Solved – Help me fit this non-linear multiple regression that has defied all previous efforts

data transformationgeneralized-additive-modelmultiple regressionnonlinear regressionr

EDIT: Since making this post, I have followed up with an additional post here.

Summary of the text below: I am working on a model and have tried linear regression, Box Cox transformations and GAM but have not made much progress

Using R, I am currently working on a model to predict the success of minor league baseball players at the major league (MLB) level. The dependent variable, offensive career wins above replacement (oWAR), is a proxy for success at the MLB level and is measured as the sum of offensive contributions for every play the player is involved in over the course of his career (details here – http://www.fangraphs.com/library/misc/war/). The independent variables are z-scored minor league offensive variables for statistics that are thought to be important predictors of success at the major league level including age (players with more success at a younger age tend to be better prospects), strike out rate [SOPct], walk rate [BBrate] and adjusted production (a global measure of offensive production). Additionally, since there are multiple levels of the minor leagues, I have included dummy variables for the minor league level of play (Double A, High A, Low A, Rookie and Short Season with Triple A [the highest level before the major leagues] as the reference variable]). Note: I have re-scaled WAR to to be a variable that goes from 0 to 1.

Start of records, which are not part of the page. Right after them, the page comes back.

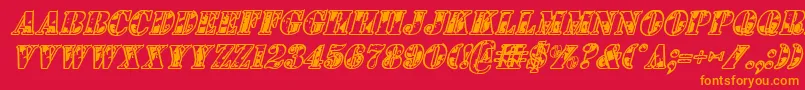fuente 1stCavItalic – Fuentes Naranjas Sobre Fondo Rojo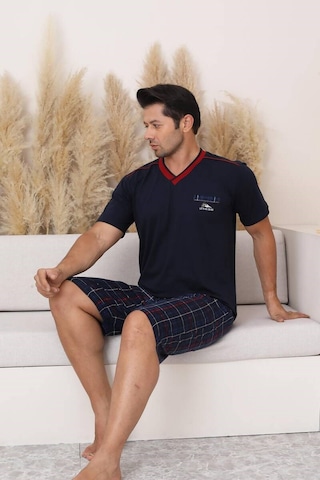 Erkek V Yaka Düğmesiz Ekose Desen Kısa Kol Cepli Şortlu %100 Pamuk Pijama Takımı Lacivert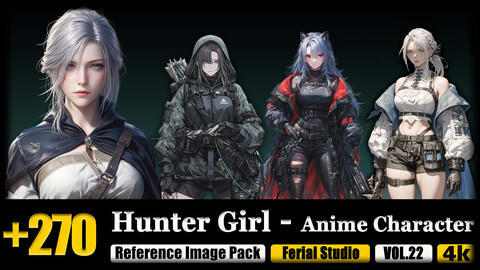 270 Hunter Girl - Anime Character Reference Image Pack v.22 |4K|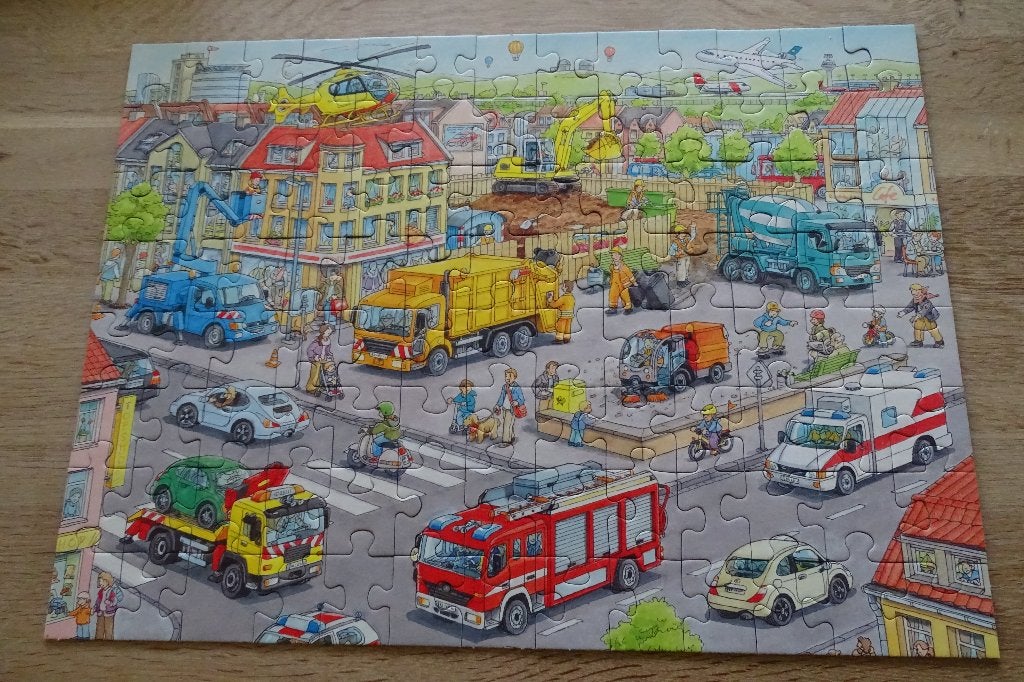 Puzzel voertuigen 100 stuks 6+, Ophalen of Verzenden, Meer dan 50 stukjes, Gebruikt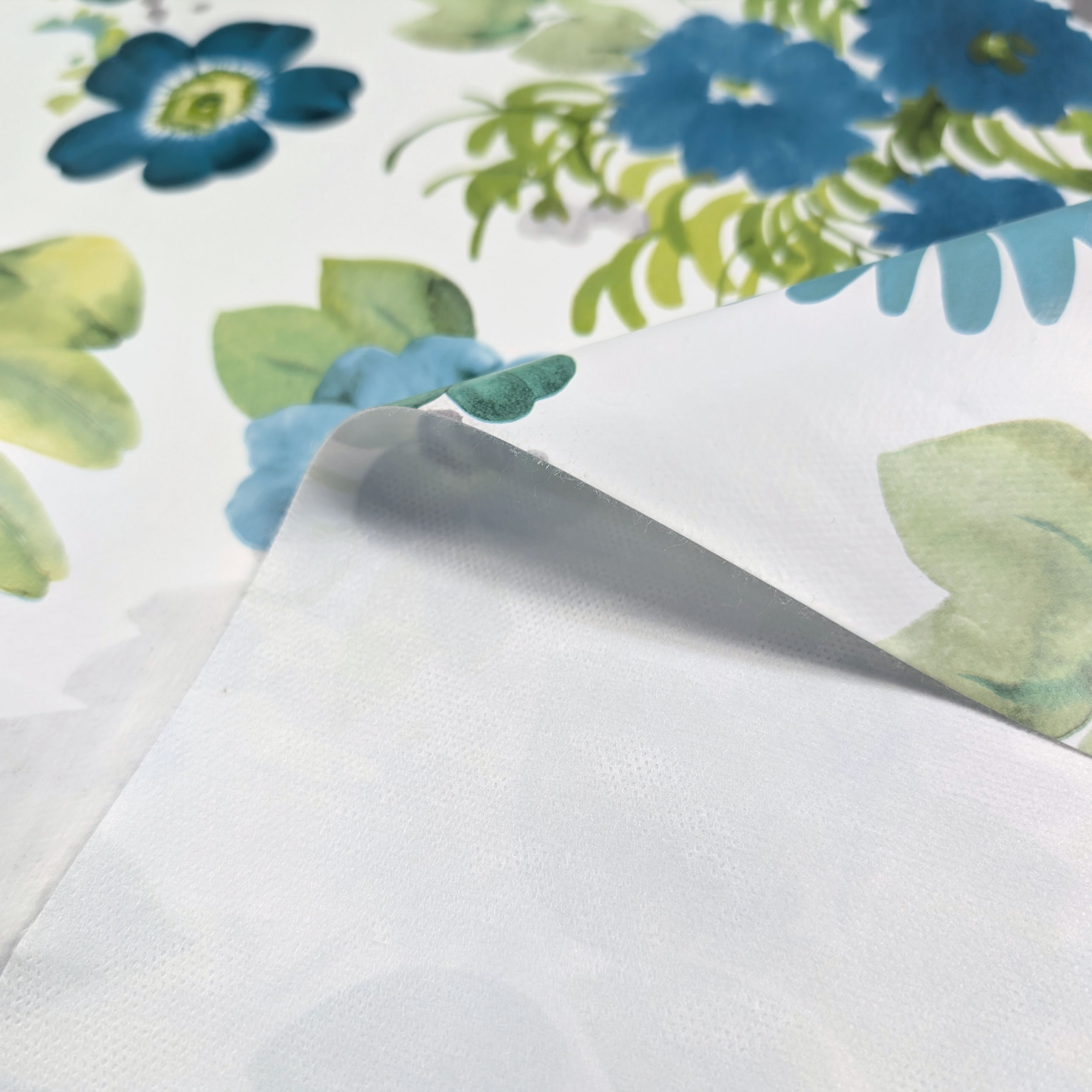 Fabric for Plasticised Tablecloth Cold Tone Flowers Image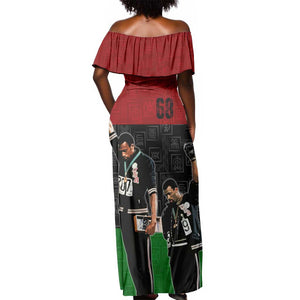 Mexico City 1968 African American Off Shoulder Maxi Dress Black Power Salute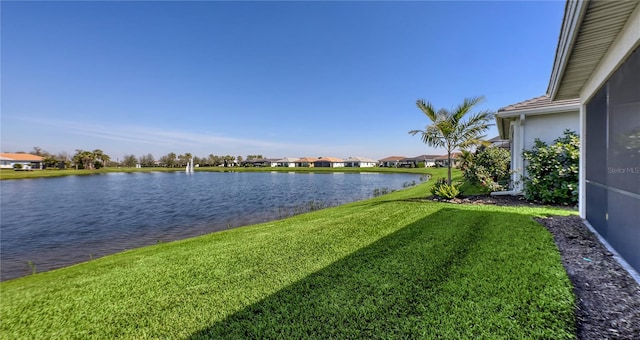 property view of water with a residential view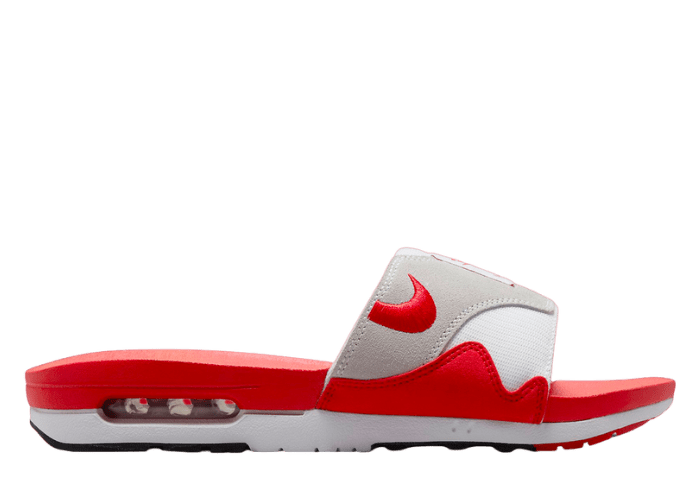 NIKE★AIR MAX 1 SLIDE★スライド サンダル★WHITE/GREY/RED NIKE☆AIR MAX 1 SLIDE☆スライド サンダル☆WHITE/GREY/RED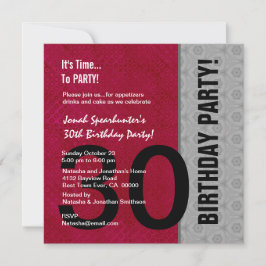 Convites aniversário de 30 anos Modern Red Silver Black W14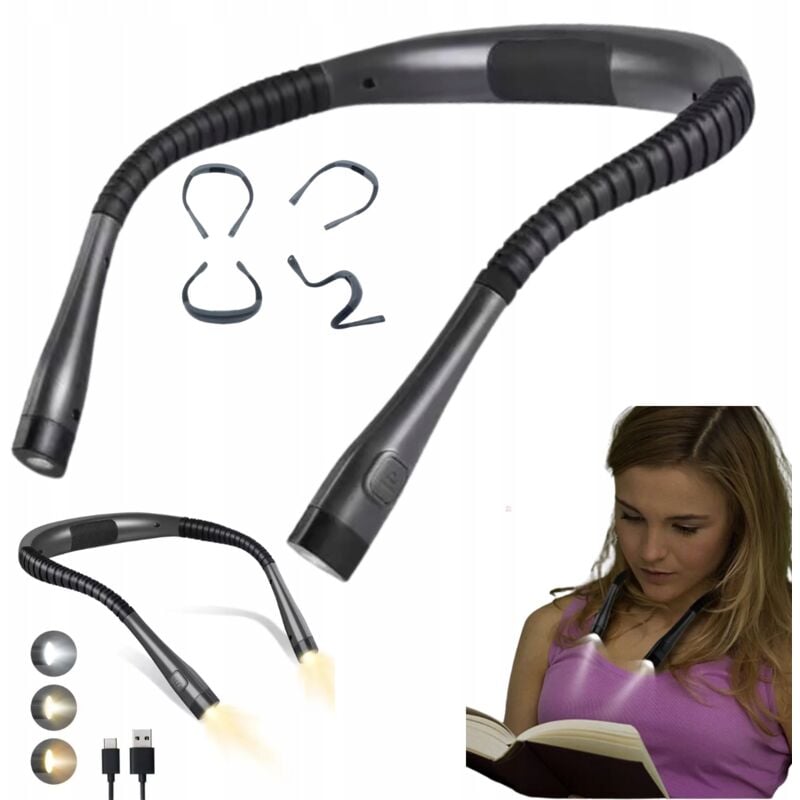 foto del prodotto lampada da lettura da collo a led, 3 colori, batteria flessibile, usb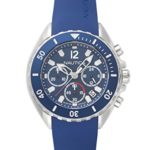 Nautica Men’s ‘NEWPORT’ Quartz Stainless Steel and Silicone Casual Watch, Color:Blue (Model: NAPNWP001)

The variable scatterplot is as follows:

scatterplot

For reference, the dependent variable, oWAR, has the following plot:

dependentvariableplot

I started with a linear regression oWAR = B1zAge + B2zSOPct + B3zBBPct + B4zAdjProd + B5DoubleA + B6HighA + B7LowA + B8Rookie + B9ShortSeason and obtained the following diagnostics plots:

linearRegressionDiagnostics

There are clear problems with a lack of unbiasedness of the residuals and a lack of random variation. Additionally, the residuals are not normal. The results of the regression are shown below:

linearRegressionResults

Following the advice in a previous thread, I tried a Box-Cox transformation with no success. Next, I tried a GAM with a log link and received these plots:

splines

Original
diagnosticChecksGAM

New Diagnostic Plot
GAMDiag

It looks like the splines helped fit the data but the diagnostic plots still show a poor fit. EDIT: I thought I was looking at the residuals vs fitted values originally but I was incorrect. The plot that was originally shown is marked as Original (above) and the plot I uploaded afterwards is marked as New Diagnostic Plot (also above)

GAMResults

The $R^2$ of the model has increased

but the results produced by the command gam.check(myregression, k.rep = 1000) are not that promising.

GAMResults2

Can anyone suggest a next step for this model? I am happy to provide any other information that you think might be useful to understand the progress I've made thus far. Thanks for any help you can provide.

Best Answer

Very nice work. I think this situation is a candidate for the proportional odds semiparametric ordinal logistic model. The lrm function in the R rms package will fit the model. For now you may want to round $Y$ to have only 100-200 levels. Soon a new version of rms will be released with a new function orm that efficiently allows for thousands of intercepts in the model, i.e., allows $Y$ to be fully continuous [update: this appeared in 2014]. The proportional odds model $\beta$s are invariant to how $Y$ is transformed. That means quantiles are invariant also. When you want a predicted mean, $Y$ is assumed to be on the proper interval scale.